Silikate, wie Glas, benötigen Hitze, um in Kristalle umgewandelt zu werden. Diese Silikatpartikel können in der Milchstraße in begrenzter Anzahl um bestimmte Sterne, wie zum Beispiel unsere Sonne, gefunden werden. Auf der Erde funkeln sie an sandigen Stränden und in der Nacht sausen sie, neben anderen Teilchen, als Sternschnuppen durch die Erdatmosphäre. Vor kurzen konnten sie von
Spitzer auch im inneren des Kometen Tempel 1 nachgewiesen werden, nachdem die NASA Sonde
Deep Impact den Kometen getroffen hatte.
Die von
Spitzer beobachteten Galaxien unterscheiden sich deutlich von unserer Milchstraße. Sie sind hell und enthalten viel Staub und werden deshalb auch „Ulirgs“ (ultraluminous infrared galaxies) genannt. Diese Ulirgs schwimmen gewissermaßen in Silikatkristallen. Ein kleiner Teil dieser Ulirgs kann wegen des hohen Staubanteils nicht genau bestimmt werden, bei den meisten handelt es sich jedoch um zwei Spiralgalaxien während der Verschmelzung. Die Zentren sich unruhige Orte, häufig mit großen, jungen Sternen und manchmal auch mit supermassiven Schwarzen Löchern.

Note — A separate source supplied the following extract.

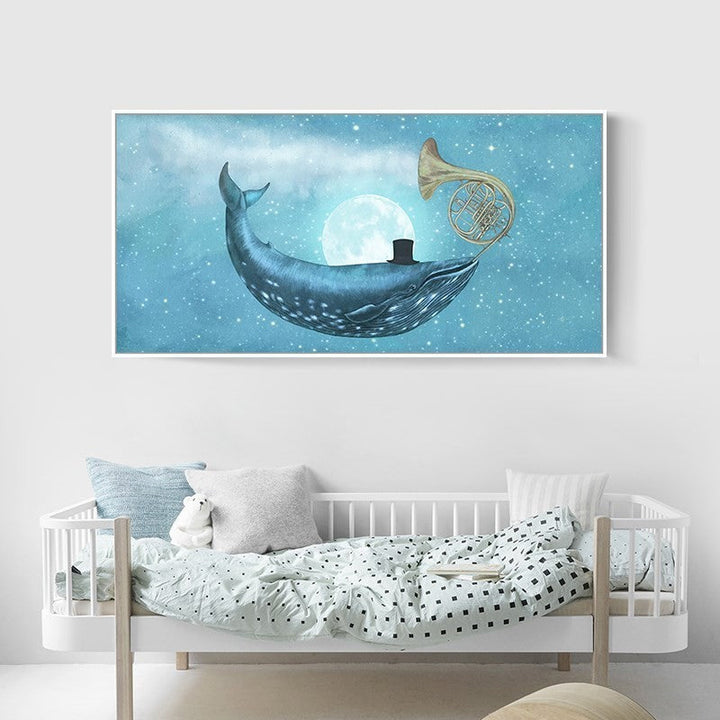 Abstract Whale in the Blue Sky - Canvas Wall Art Painting | Skanto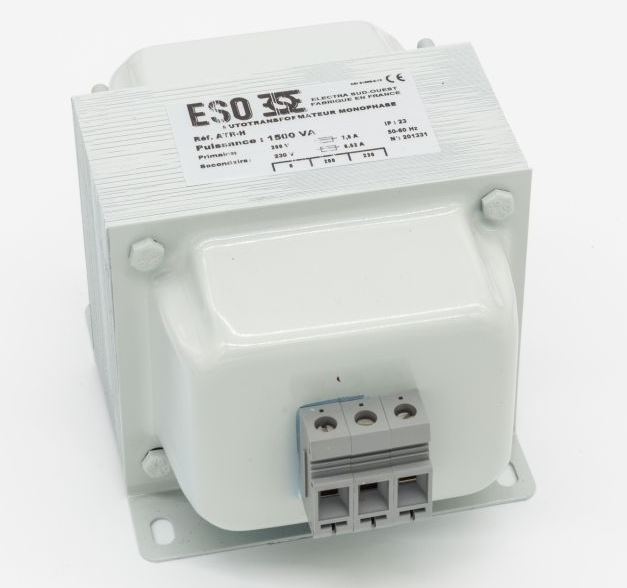 Autotransformateurs monophasés réversibles capotés 400V/230V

Woher kommen nun die Kristalle? Astronomen verdächtigen massereiche Sterne im Zentrum als die hauptsächlichen Produzenten. Spoon und seine Kollegen vermuten, dass diese Sterne die Kristalle erzeugen, bevor und während sie als Supernova explodieren. Die Kristalle bestehen jedoch nur für kurze Zeit. Die Wissenschaftler glauben, dass ein Teilchenbombardement der Supernovae die Kristalle auch wieder zerstört.
„Stellen Sie sich zwei mit Mehl beladene Laster vor, die miteinander kollidieren und kurz danach in eine weiße Wolke gehüllt sind,“ sagte Spoon. „Durch
Spitzer sehen wir die Momentaufnahme einer Wolke aus Kristallen, erzeugt durch die Kollision zweier Galaxien.“
Der Infrarotspektrograph von Spitzer konnte in 21 von 77 untersuchten Ulirgs Silikate nachweisen. Die 21 Galaxien befinden sich in Entfernungen zwischen 240 Millionen und 5,9 Milliarden Lichtjahren. Den übrigen 56 Galaxien steht die staubige Phase noch bevor, oder aber der Staub ist bereits verflogen.